I hope I have answered the questions."

IDFC is taking refuge under apparent logistical problems whereas the real issue relates to constructive non-adherence to well-intentioned SEBI regulations and the proclivity to consider auditor's certificate as a mechanical formality.

Friday, July 09, 2010

PNB's "Consensus Banking" ?

The annual report of Punjab National Bank for the year ended 31st March 2010 says the following under 'Corporate Governance" (page 17):

"All our decisions are consensus decisions involving voice of our stakeholders". (Bold letters not mine). Wow ! Do only like-minded people work in the bank ? Is honest dissent discouraged? If no decision is taken in the absence of unanimity, the bank must be missing many opportunities for growth of business. Perhaps we should not take vapid statements seriously.

Arithmetic mistakes are another matter.In page 115, it is reported that 197263 shareholders have shareholding of nominal value of Rs.500 or less totally amounting to Rs.106823070. Simple arithmetic would show that even if every such shareholder has shareholding of nominal value of Rs.500, total will only be Rs.98631500. This table is entirely wrong.

I wonder how companies are confident that shareholders do not read their annual reports.

Saturday, July 03, 2010

The "Jabulani effect" : G-H outplay A-B

The shocking exits of Argentina and Brazil even at the quarter finals stage of the World Cup are an unprecedented disaster to soccer aficionados all over the world. The decline of South American football skills was shocking beyond words.The city of joy (Kolkata) went into mourning when Brazil was knocked out by Holland. The crushing 0-4 defeat of Argentina at the hands of Germany sank the football-crazy Kolkata into unfathomable despair.

Why did the unexpected happen? "Jabulani", the ball produced by Adidas has been criticised by almost every team in the World Cup for its unpredictable behaviour. Its speed and direction of movement puzzled both the forwards and the goal-keepers. "Jabulani" has become an idiom for something or someone that is universally condemned. It is easier to 'handle' Jabulani than to 'kick' it. This peculiarity of the ball was exploited by Uruguay's Luis Suarez who used his "Hand of God" to block an otherwise certain goal for Ghana. Subsequently even Asamoah Gyan's fabled footwork could not convert the penalty into a goal for Ghana.
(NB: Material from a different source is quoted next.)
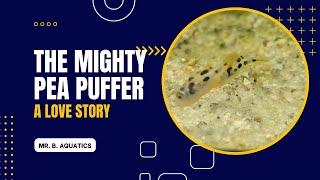 The mighty Pea Puffer. A LOT of personality in a small fish.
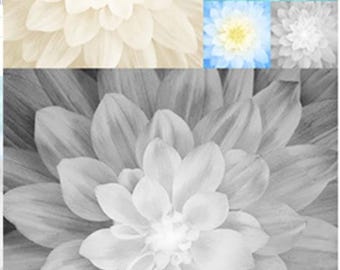 Hoffman Onyx Kablooms-stofpaneel / Quiltpaneel met onyxbloem / exclusief door Hoffman voor SewWhatQuiltShop / Quiltpanelen met bloemen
Argentina's Maradona and Brazil's Pele spent more time recriminating each other than in motivating their respective teams. This resulted in their mutually assured destruction. But the psychic octopus, Paul has had the final say so far. It had predicted the victory of Germany over England and also Argentina. Though born in England, this octopus is domiciled in Germany. It remains to be seen whether Paul is merely jingoistic or a soothsayer nonpareil.